Creating journal entries requires some rules, such rule is named as Three Golden Rules of Accounting standards. There are three kinds of account as Personal Account, Real Account and Nominal Account. Let’s see the rules for those different account from scratch and in detail.

1. Personal Account
Personal account relates to persons with whom a business keeps dealings. A person called be a natural person or a legal person. If a person receives anything from the business, he is called receiver and his account is to debit in the books of the business. If person gives anything to business, he is called as a giver and his account is to be credited in the books of the business.
The Golden Rule for Personal Account is, Debit the Receiver and Credit the Giver.
Example: Goods worth 1000 bucks sold to Mr. Smith from Mr. John. In this transaction, Mr. Smith is the receiver of goods, he is called receiver and his account is to be debited in the books of business. Mr. John is the giver of goods, he is called giver and his account is to be credited in the books of business.
2. Real Account
Real account relates to property which may either come into the business or go from business. If any property or goods comes into the business, account of that property or goods is to be debited in the books of the business. If any property or goods goes out from the business account of that property or goods is to be credited in the books of business.
The Golden Rule for Real Account is, Debit What Comes in and Credit What Goes out.
Example: Goods sold on cash for 1500 bucks. In this transaction cash, an assets for business comes into the business on sales of goods, and therefore cash account is to be debited in the books of business. On the other side, goods, an assets of business goes out of the business on sale and therefore goods account is to be debited in the books of business.
3. Nominal Account
Nominal account is an account that relates to business expenses, loss, income and gains. If business incurs expense to manage and run business, account of that expense is to be debited in the books of business. When a business earns income by rendering services or hiring business assets, an account of that income is to credited in the books of business.
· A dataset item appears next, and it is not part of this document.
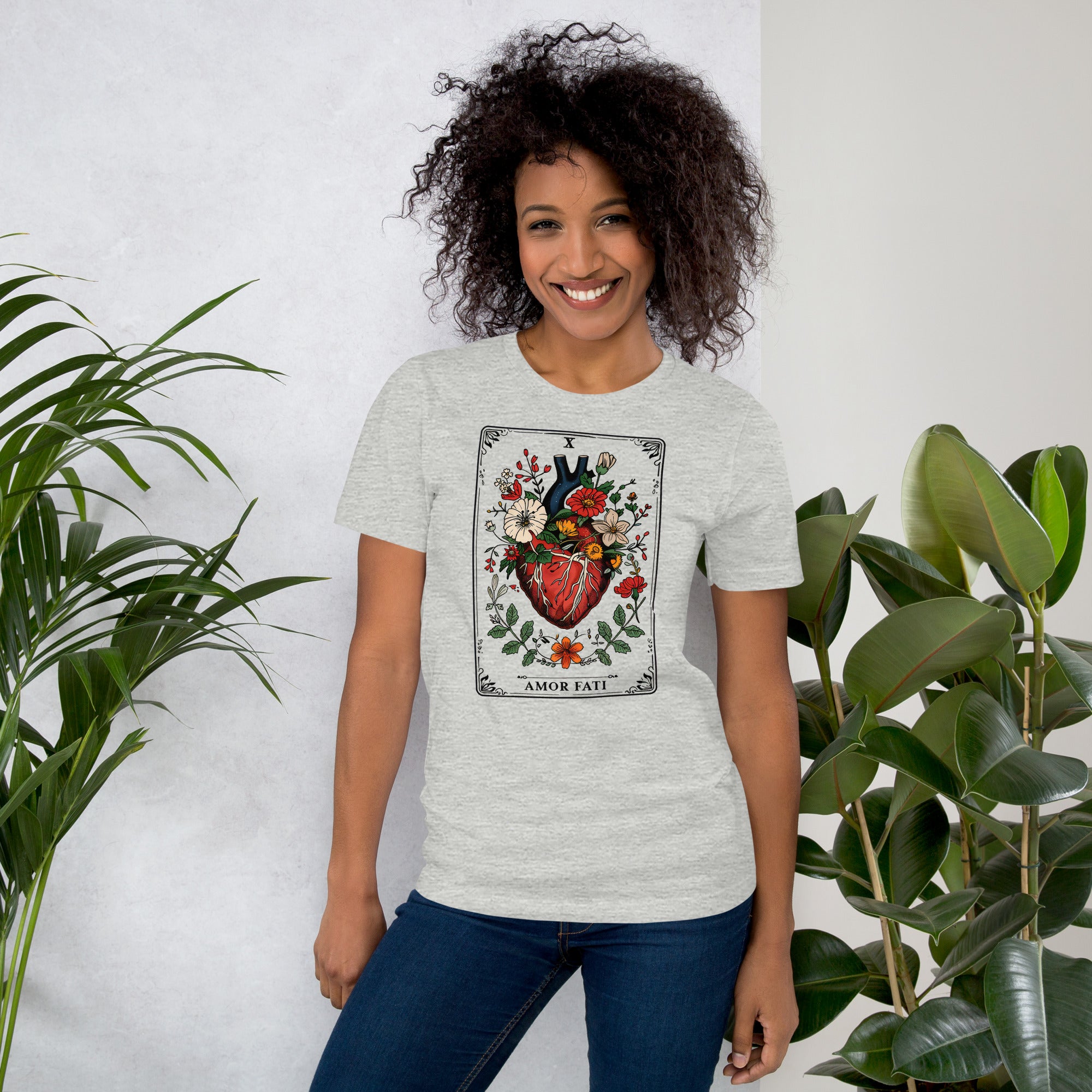 Tarot card illustration numbered X with an anatomical heart in bloom surrounded by wildflowers and vines, Amor Fati, Artificial Perdition apparel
On other hand, if in the case the transaction of sale or purchase of goods or assets, if any loss is incurred by the business, account of that loss is to debited in the books or assets. if in the transaction of sale or purchase of goods or assets any profit is earned by the business, then account of that profit is to be credited in the books of business.
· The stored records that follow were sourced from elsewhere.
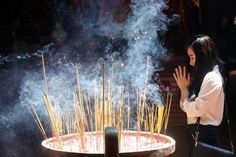 size: 12x8in Photographic Print: Buddhist worshipper burning incense sticks, Chua On Lang Taoist Temple by Godong :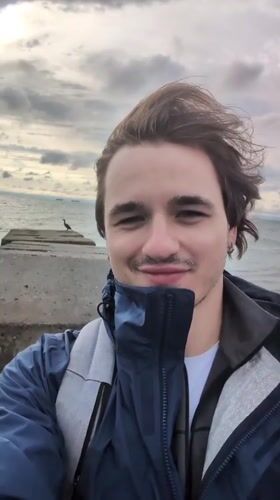 Man films selfies at Odesa pier during early morning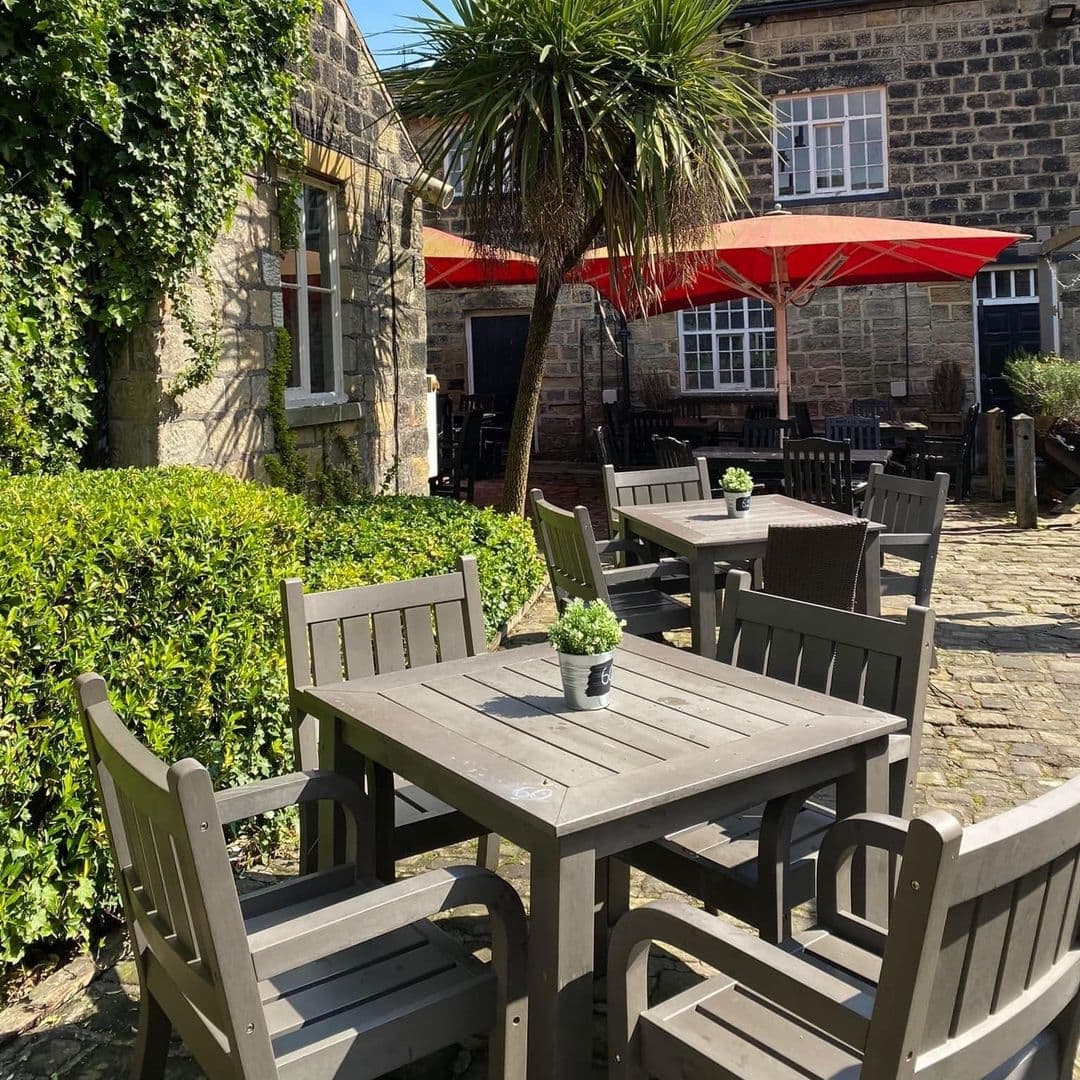 Outdoor patio area at The Roundhay Fox with wooden tables and chairs, red umbrellas, surrounded by greenery and a stone building in the background.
The Golden Rule for Nominal Account is, Debit all Expenses or Loss and Credit all Income Gains or Profit.
Example: (1) Paid 50 bucks as a commission to our agent, here commission which is paid to an agent is business expense and it is to be debited in the books of business. (2) Received 100 bucks as interest on our fixed deposit, here interest which is received is business income and therefore it is to be credited in the books of business.
The above all are the three golden rules of accounting with examples.